RMI-PACTA / resources

This is a place to explore and share resources. Check out the "Issues".
https://rmi-pacta.github.io/resources/
17 stars 5 forks source link

Write Reusable, Composable and Modular R Code #324

Open jdhoffa opened 4 months ago

jdhoffa commented 4 months ago

https://klmr.me/box/

This R package seems like it COULD be a very suitable answer to our pacta.* vs worfklow.* conundrum...

It is more or less a "superset" of R packages, that loosen some of the R packages conventions up, and allow modules to be loaded from different directories in the project.

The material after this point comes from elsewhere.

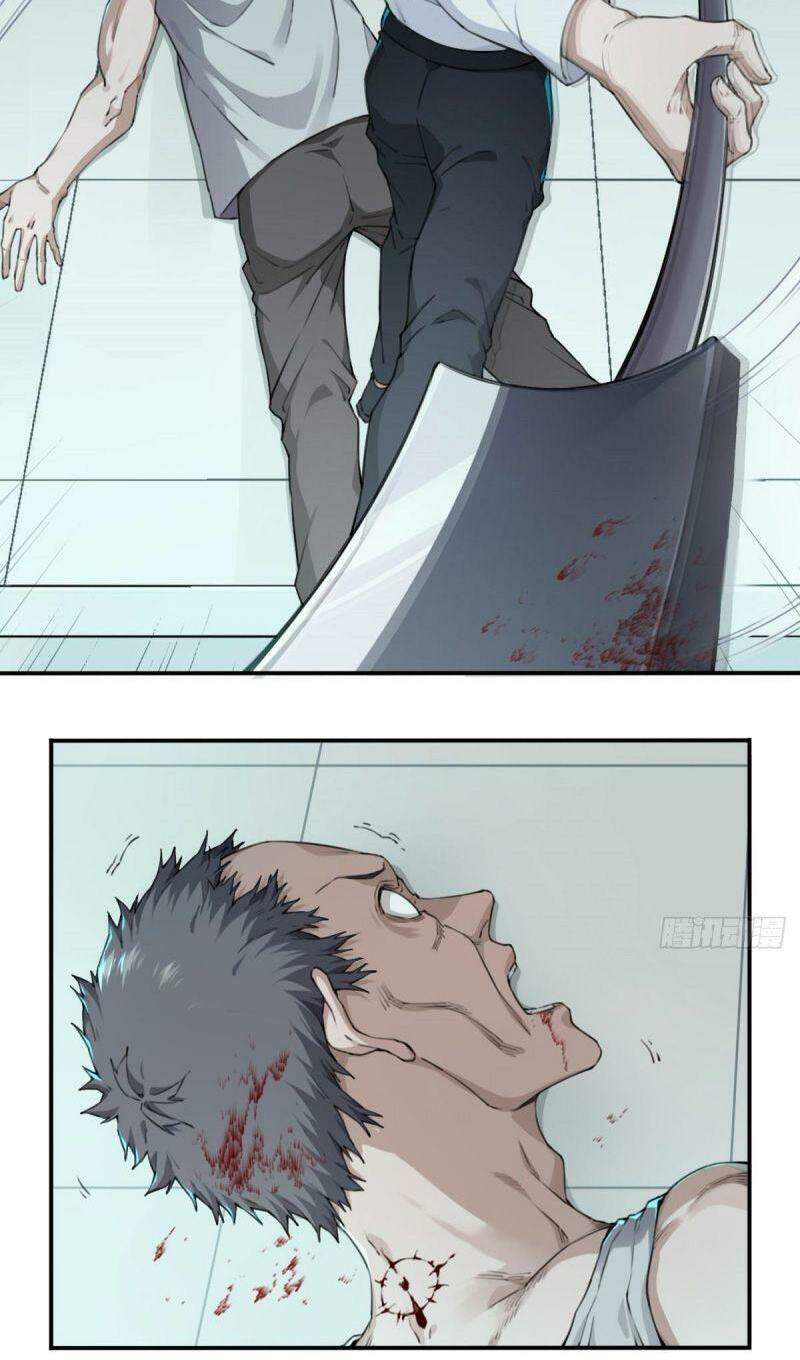 Tôi Là Người Môi Giới Của Ngôi Nhà Kỳ Quái Chap 8 - Next Chap 9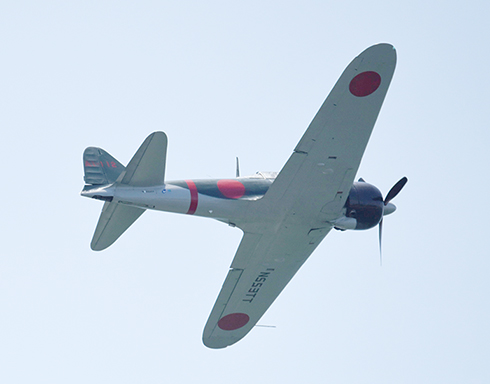 レッドブル・エアレース千葉2017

It is in version 1.2.0 which may suggest that the developers believe it to be stable enough for a first release.

I am hesitant to incorporate new/ semi-experimental topics into our standard project structures, but since workflow.*s are a bit of a "wild west" anyway, ¯_(ツ)_/¯ could be interesting.

cc: @AlexAxthelm @cjyetman

Relates to https://github.com/RMI-PACTA/practices/issues/2

AlexAxthelm commented 4 months ago

This is neat, but it seems to break the "normal R programmer" paradigm in a lot of similar ways as drake/targets does. I wonder what it would look like in practice.

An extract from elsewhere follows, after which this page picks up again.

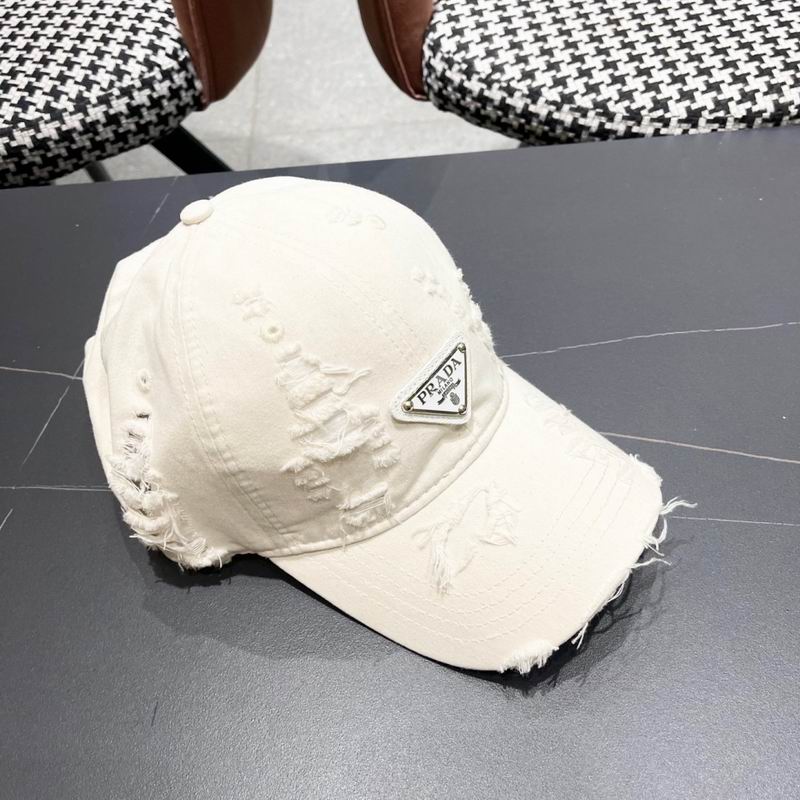 Prada cap (273)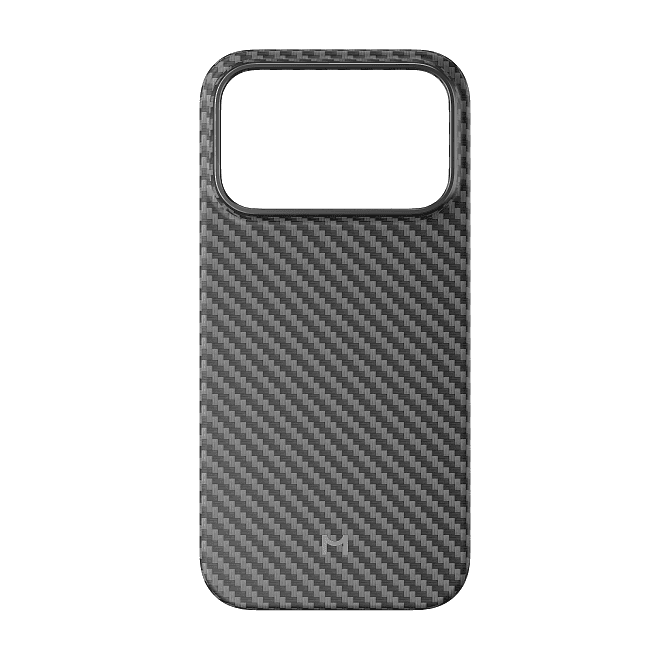 Чехол Magssory Aramid Frame для iPhone 18 Pro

jdhoffa commented 4 months ago

I'm not able to make that connection as quick as you are, could you please elaborate?

AlexAxthelm commented 4 months ago

I looked through the docs a bit more, and I think I get what box does now (better at least).

Overall, it seems to bring python-style modules into R

So where in python, you might have

myproject
- trigonometry.py
- script.py
import math #builtin package
import trigonometry as trig
import logging as log

foo = trig.sin(math.pi)
log.info(foo)

using box, that would be something along the lines of

myproject
- trigonometry.R
- script.R
#script.R
box::use(math) #pretend there's an R math package
box::use(trig = ./trigonometry)
box::use(log = logger)

foo = trig$sin(math$pi)
log$info(foo)

The connection to targets is in the pretty big departure of coding style from what "normal R code" looks like (not that's a bad thing).

In both cases, they're trying to make the dependency graph explicit. With targets, it does so by checking the value of all dependencies (and hashing them), while not being incredibly concerned with the source of the object (foo depends on make_foo(), depends on dplyr::mutate(), but by default, targets' doesn't care that mutate is part of a package, just that it's a function that's call in make_foo())

While with box the sources are explicit, but the value/content/body of an object in a source is not (but if you trust your modules to not change without you knowing, this is nice for debugging).


Overall, I think this is an interesting idea, but I don't see it as being beneficial over structuring things into a normal R package, where there's already a lot of tooling support, and it fits nicely with the R paradigms (for better or worse).